Stoned Review

Stoned
1969. On the verge of being sacked from The Rolling Stones by Jagger (de Woolfson) and Richards (Whishaw), band founder Brian Jones (Gregory) wallows in wine, women and self-pity in his English country mansion. Shortly thereafter, he's found dead in his swimming pool...

by Miles Fielder |
Published on
Release Date:

18 Nov 2005

Running Time:

102 minutes

Certificate:

15

Original Title:

Stoned

Having spent ten years developing Stoned (which originally bore the title The Wycked World Of Brian Jones), producer Stephen Woolley elected to direct what had become a labour of love. The script went through a series of rewrites, and the finished version, penned by James Bond scribes Neal Purvis and Robert Wade, interestingly takes the form less of a straight rock star biopic than an homage to trippy ’60s cinema — most obviously Performance, in which Jagger starred (and reportedly modelled his burnt-out musician character on Jones).

Accordingly, Stoned features a good deal of nudity, much tricksy camerawork and a kaleidoscopic rock ’n’ roll soundtrack, the latter employing modern covers of early Stones classics by the likes of The White Stripes. These retro stylings are used not just to evoke Jones’ hedonistic lifestyle, but also to paint black, as it were, the butt-end of the ’60s, when the hippy dream had turned sour.

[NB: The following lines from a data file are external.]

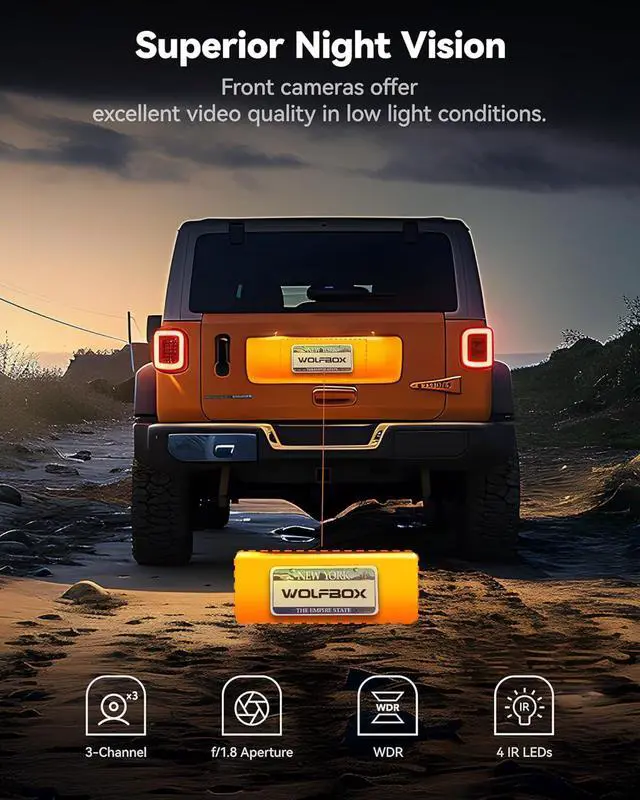 Alt view image 4 of 7 - WOLFBOX i17 4K 3 Channel Dash Cam, 5.8GHz WiFi & GPS with 64GB Card, 4K+1080P+1080P Dash Cam Front and Rear Inside, Triple Car Camera with 3 Inch Screen, IR Night Vision, WDR, 24H Parking Mode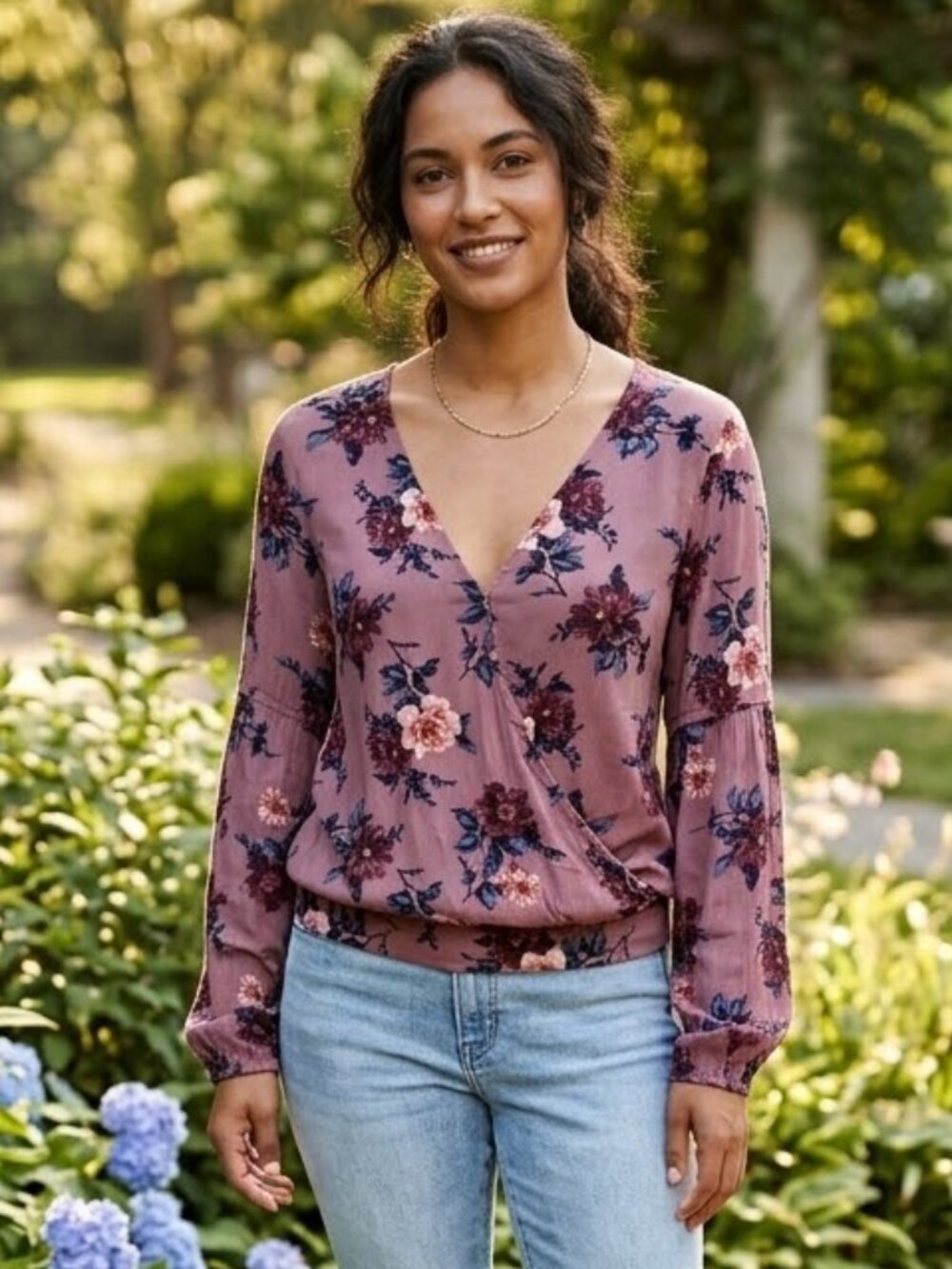 American Eagle Floral Wrap Blouse Size Small Pink Purple Boho Peasant Top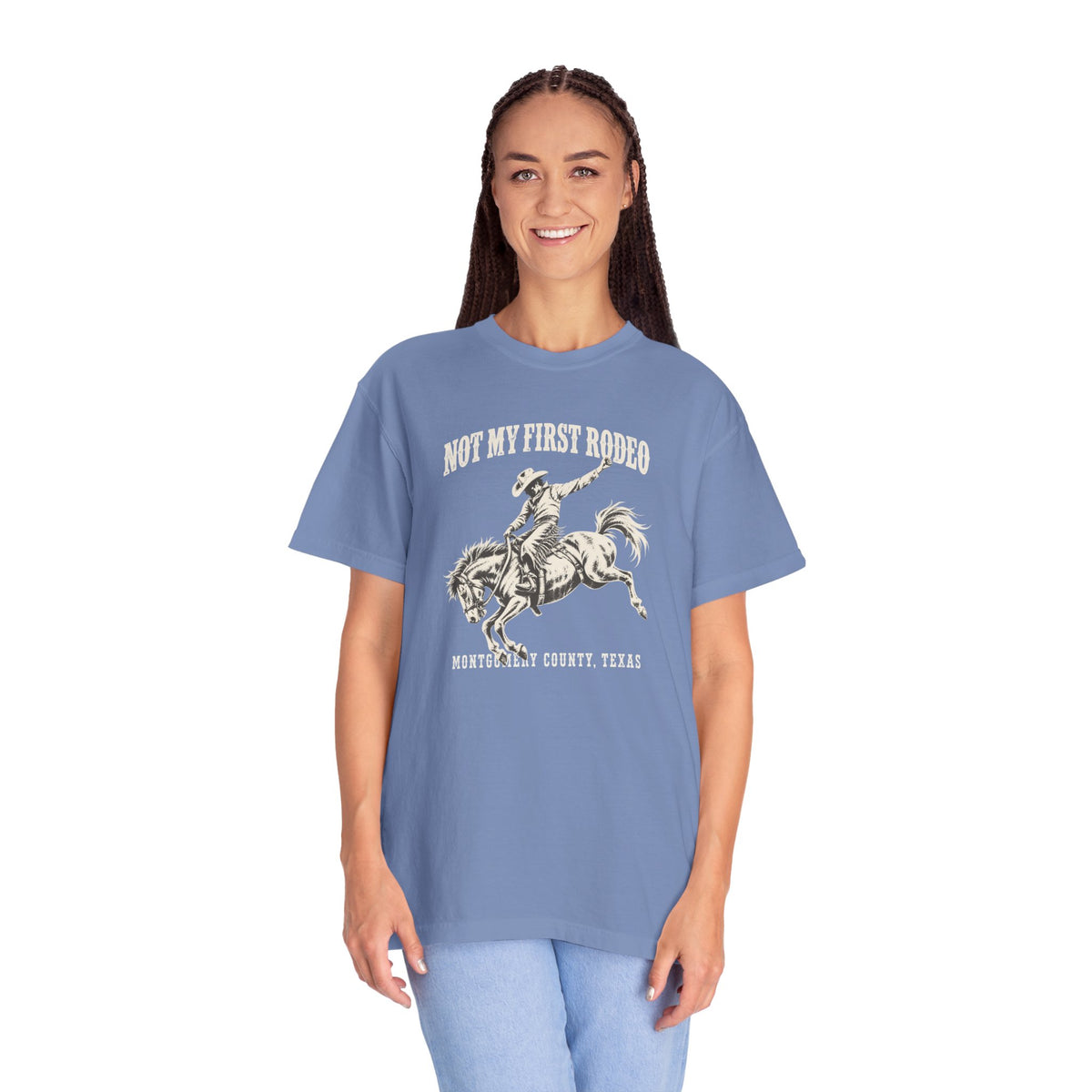 Not My First Rodeo Shirt, Vintage Cowboy T-Shirt, Bucking Bronco Graphic Tee, Western Cowgirl Shirt, Conroe Texas Gift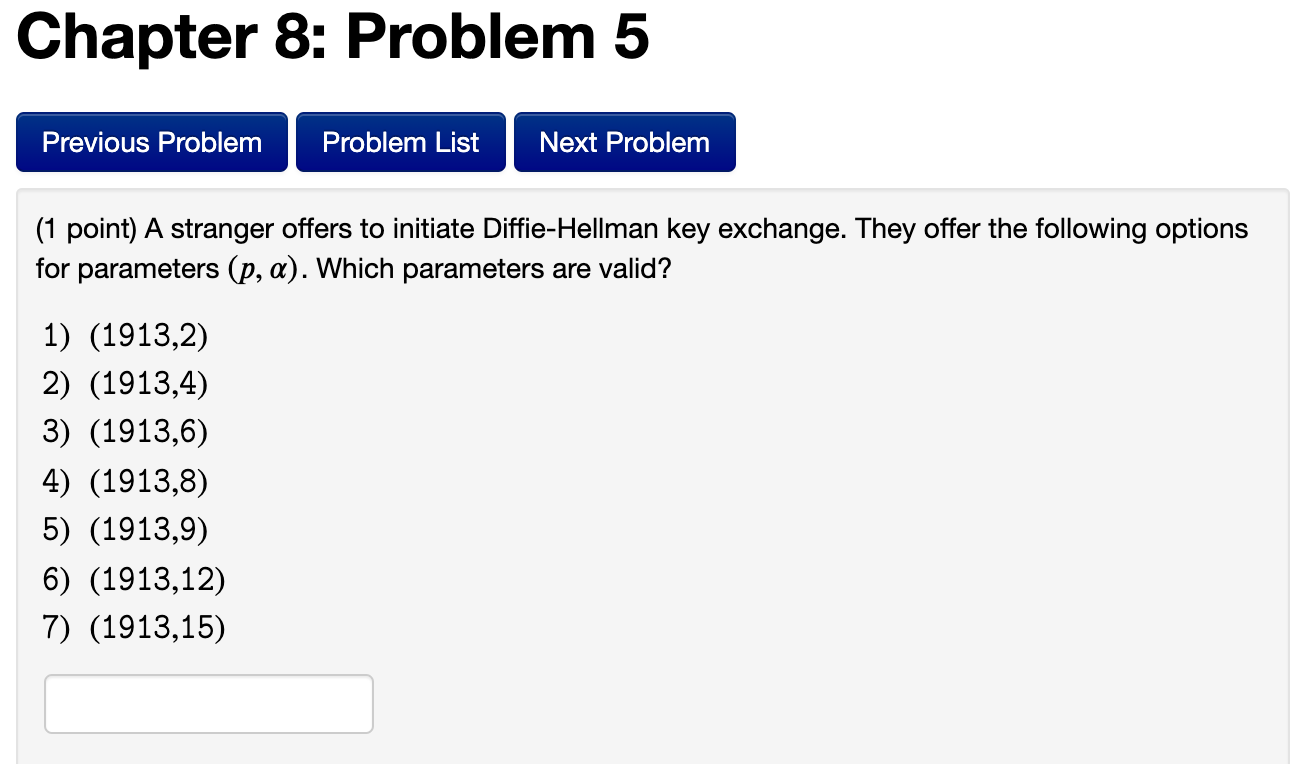  Chapter 8: Problem 5 Previous Problem Problem List Next Problem (1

It’s all anchored by a spirited performance by Leo Gregory as Jones and a sultry one by Monet Mazur as girlfriend Anita Pallenberg, with Paddy Considine putting in a typically impressive turn as Frank Thorogood, the labourer secretly charged with keeping Jones on the straight and narrow.

More than just another dead-celeb biopic, this is an effective evocation of the era in which Jones lived and died.